* Directions for this task
I'd like the data below restated word for word, with the pictures left out.

* Input data
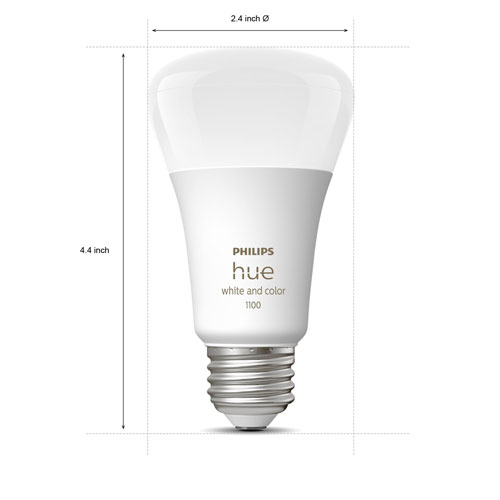 Philips Hue A19 Smart LED Light Bulb - White & Colour Ambiance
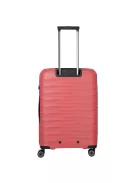 Travelite MOOBY M piros bővíthető közepes méretű bőrönd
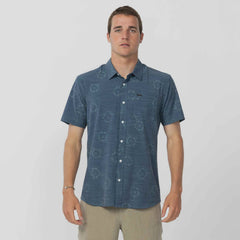 O'Neill TRVLR UPF 50 Traverse Slub SS Shirt - Midnight Navy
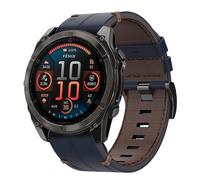 Cuero Correa para Garmin Fenix 7X, 26mm Pulsera Cuero Correa para Feinx 8 51mm/FEnix 7X Pro/7X Pro Solar/7X/6X/6X Pro/5X/5X Plus/3/3 HR/Tactix 7/7 Pro/Epix Pro 51mm/Enduro 3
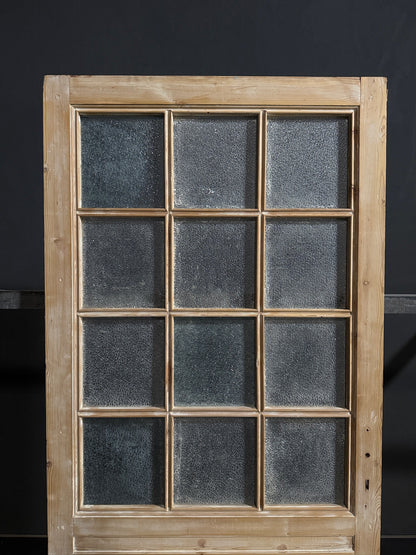 Antique Textured Glass Raised Panel Entry Door - 36x82.5 - N766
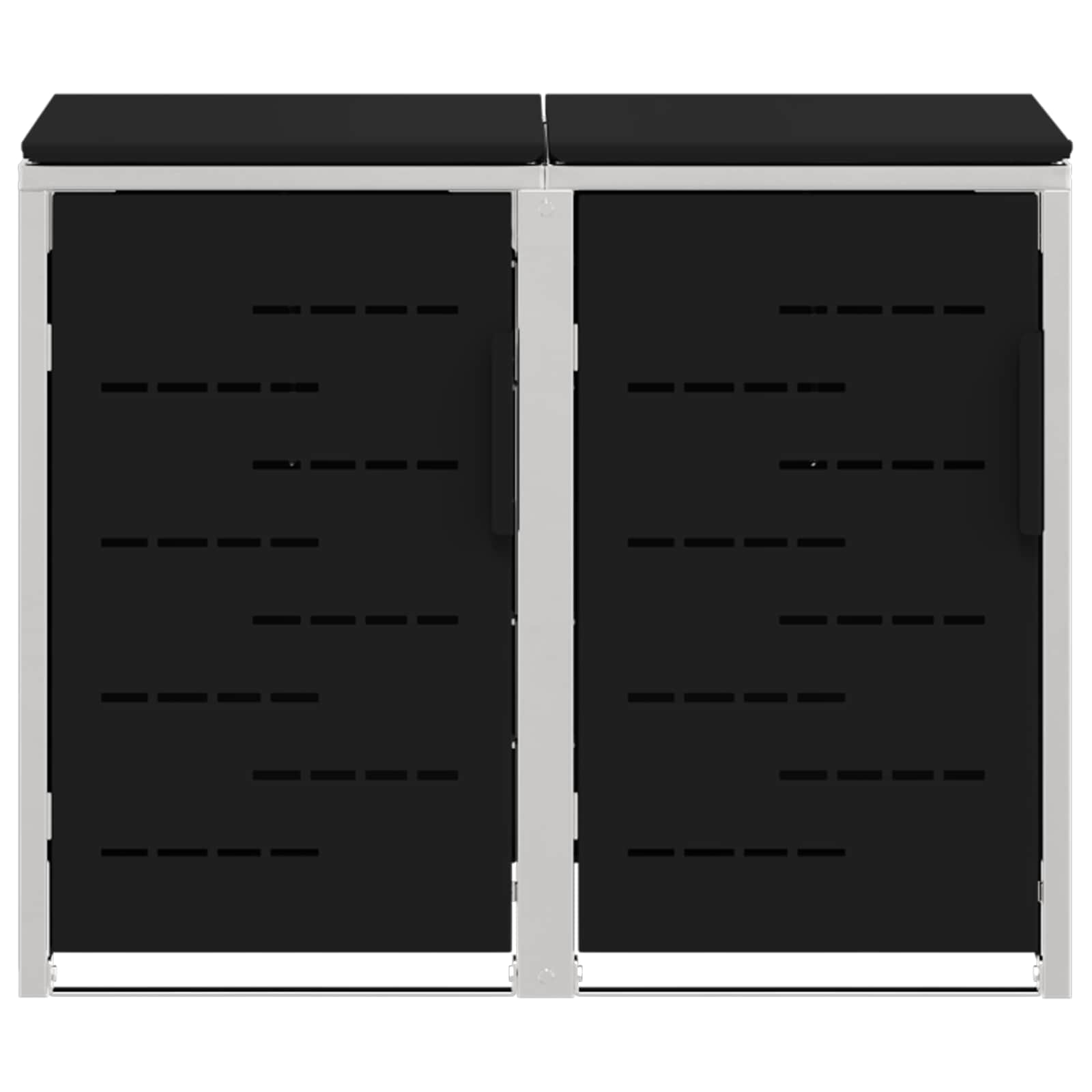 Skraldespand opbevaring Sort 138 x 77,5 x 112,5 cm
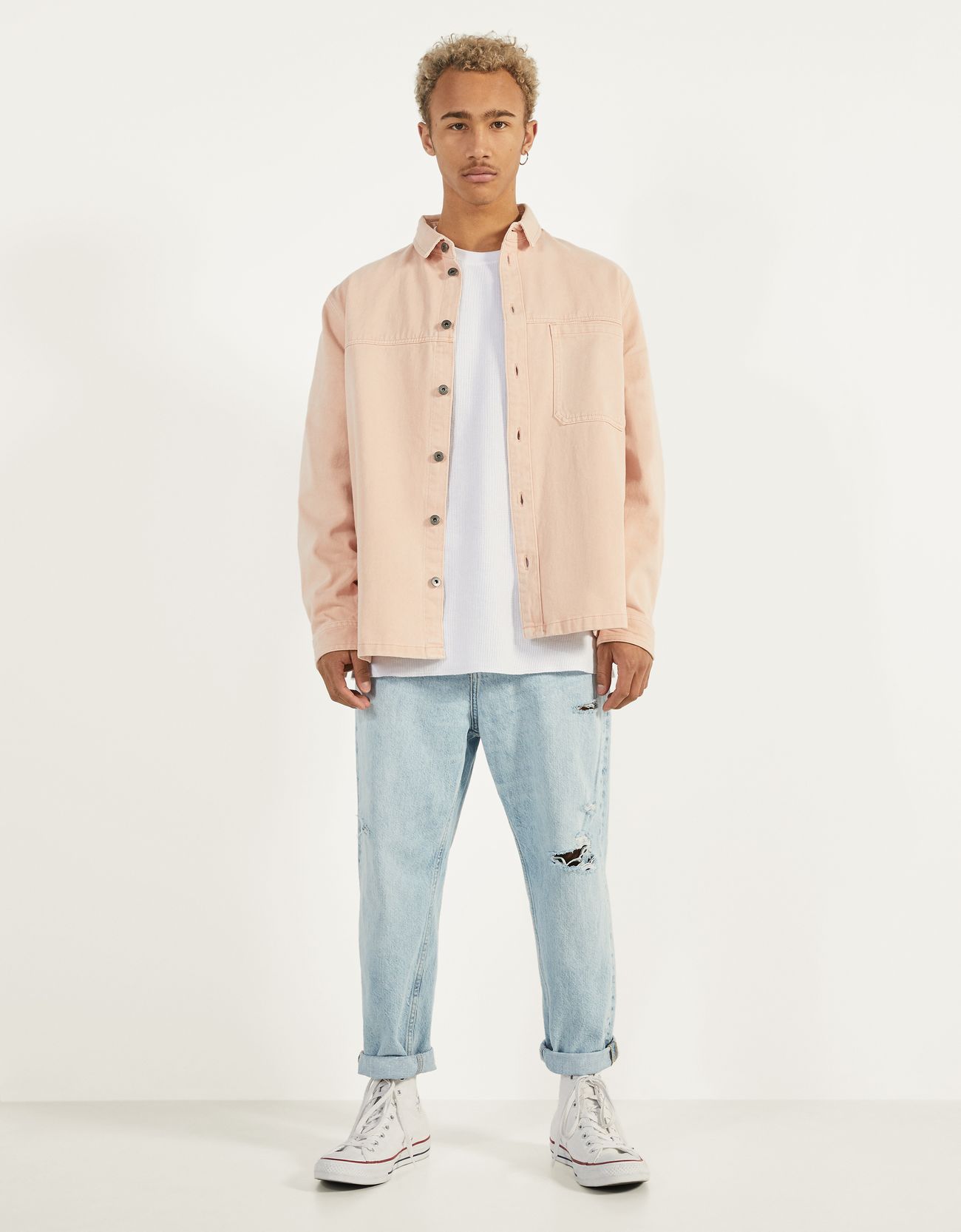 Bershka Pamuklu ince ceket 6 Bershka Pamuklu ince ceket 7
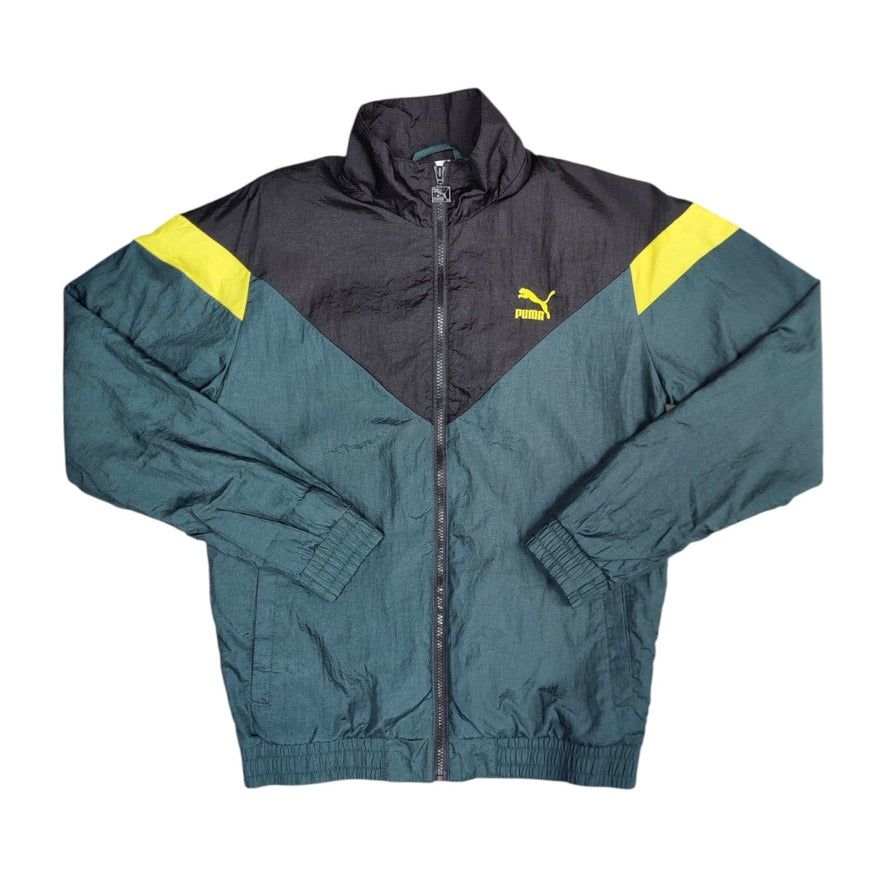Puma Green Black Yellow Wind Jacket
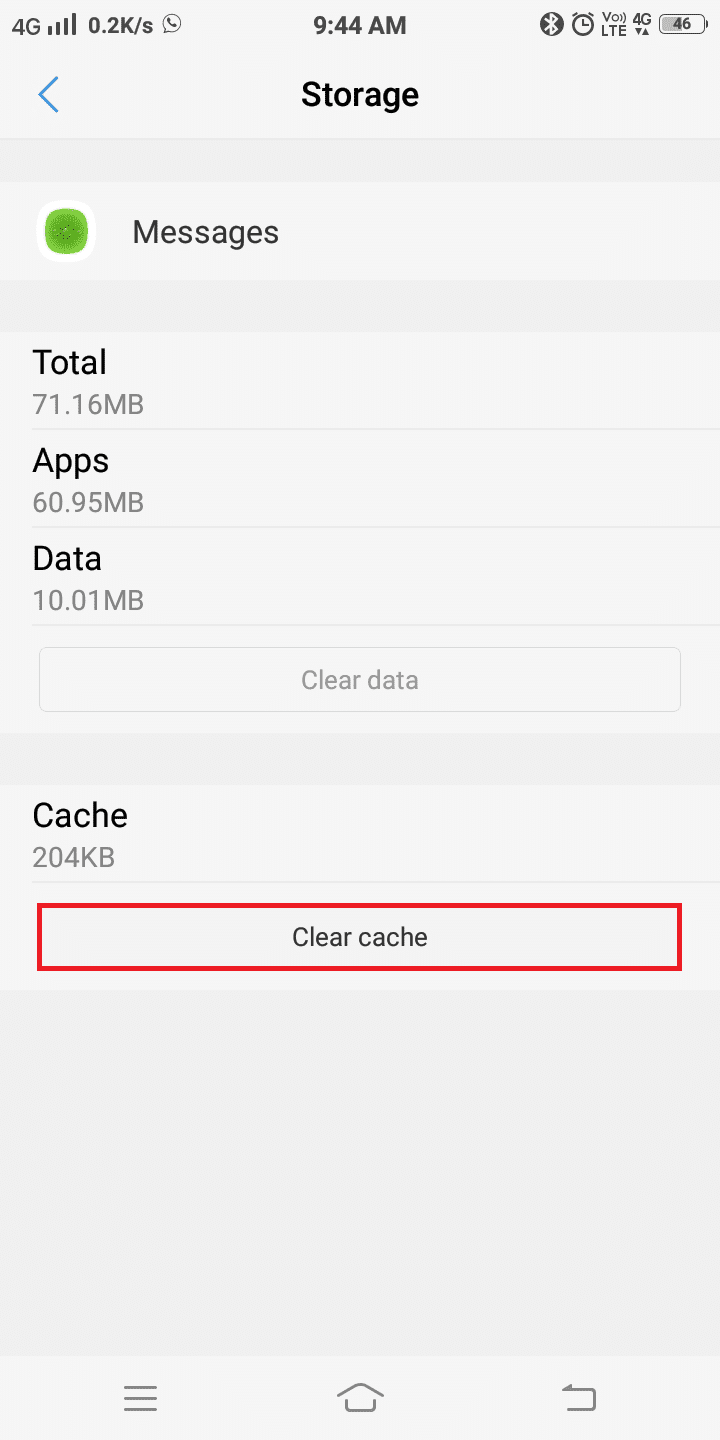 Presiona Borrar caché
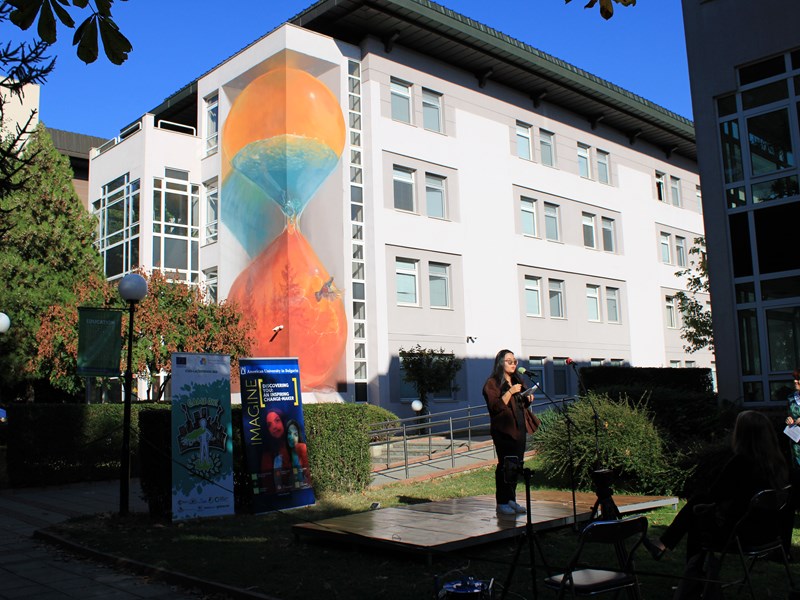 “It’s Time”: New Mural on Campus Raises Environmental Awareness
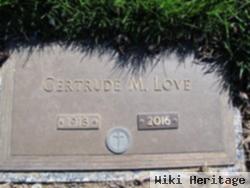 Gertrude M Eichler Love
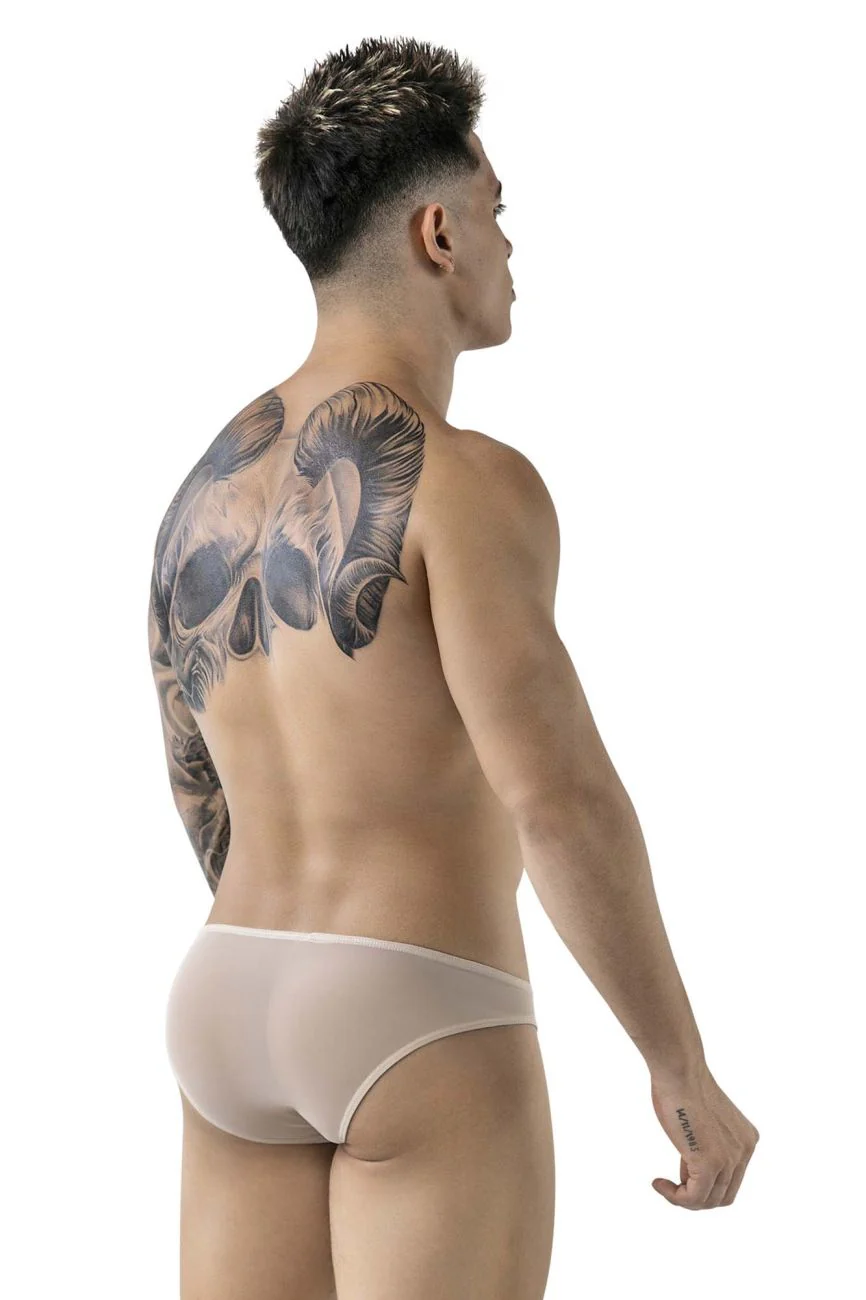 Pikante PIK 1822 Men's Underwear Luxury Briefs Color Beige Mesh - Image 3
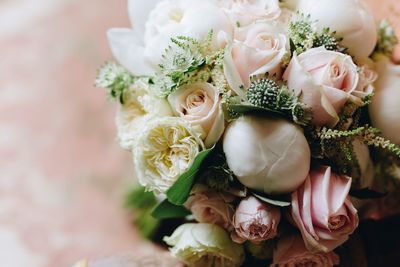 Close-up of rose bouquet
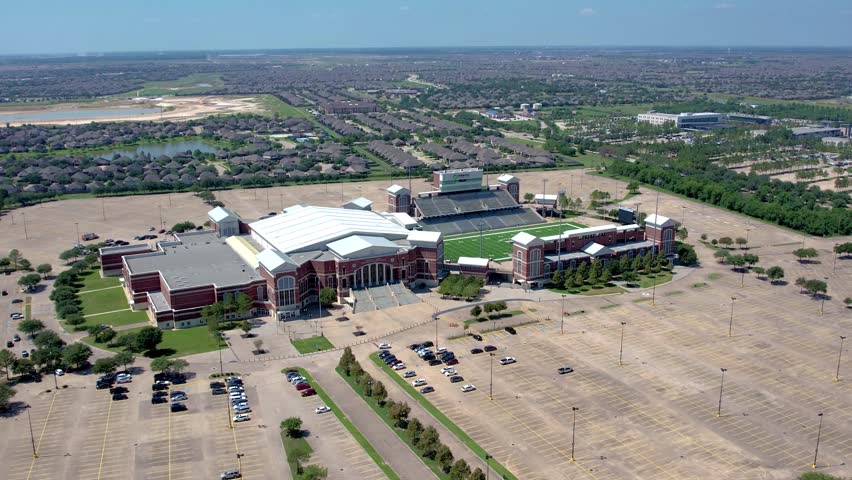 High school football stadium - Berry Center of Northwest Houston - CFISD - Cypress Texas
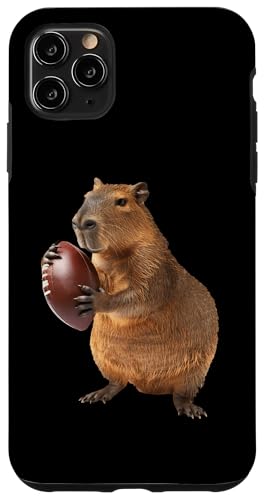 Hülle für iPhone 11 Pro Max Capybara American Football von Animal American Football Design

* Result
 Philips Hue A19 Smart LED Light Bulb - White & Colour Ambiance
 Travelite MOOBY M piros bővíthető közepes méretű bőrönd
 O'Neill TRVLR UPF 50 Traverse Slub SS Shirt - Midnight Navy
 Cuero Correa para Garmin Fenix 7X, 26mm Pulsera Cuero Correa para Feinx 8 51mm/FEnix 7X Pro/7X Pro Solar/7X/6X/6X Pro/5X/5X Plus/3/3 HR/Tactix 7/7 Pro/Epix Pro 51mm/Enduro 3
 Antique Textured Glass Raised Panel Entry Door - 36x82.5 - N766
 Skraldespand opbevaring Sort 138 x 77,5 x 112,5 cm
 Bershka Pamuklu ince ceket 6 Bershka Pamuklu ince ceket 7
Puma Green Black Yellow Wind Jacket
 Presiona Borrar caché
 “It’s Time”: New Mural on Campus Raises Environmental Awareness
 Gertrude M Eichler Love
 Pikante PIK 1822 Men's Underwear Luxury Briefs Color Beige Mesh - Image 3
 Close-up of rose bouquet
 High school football stadium - Berry Center of Northwest Houston - CFISD - Cypress Texas
 Hülle für iPhone 11 Pro Max Capybara American Football von Animal American Football Design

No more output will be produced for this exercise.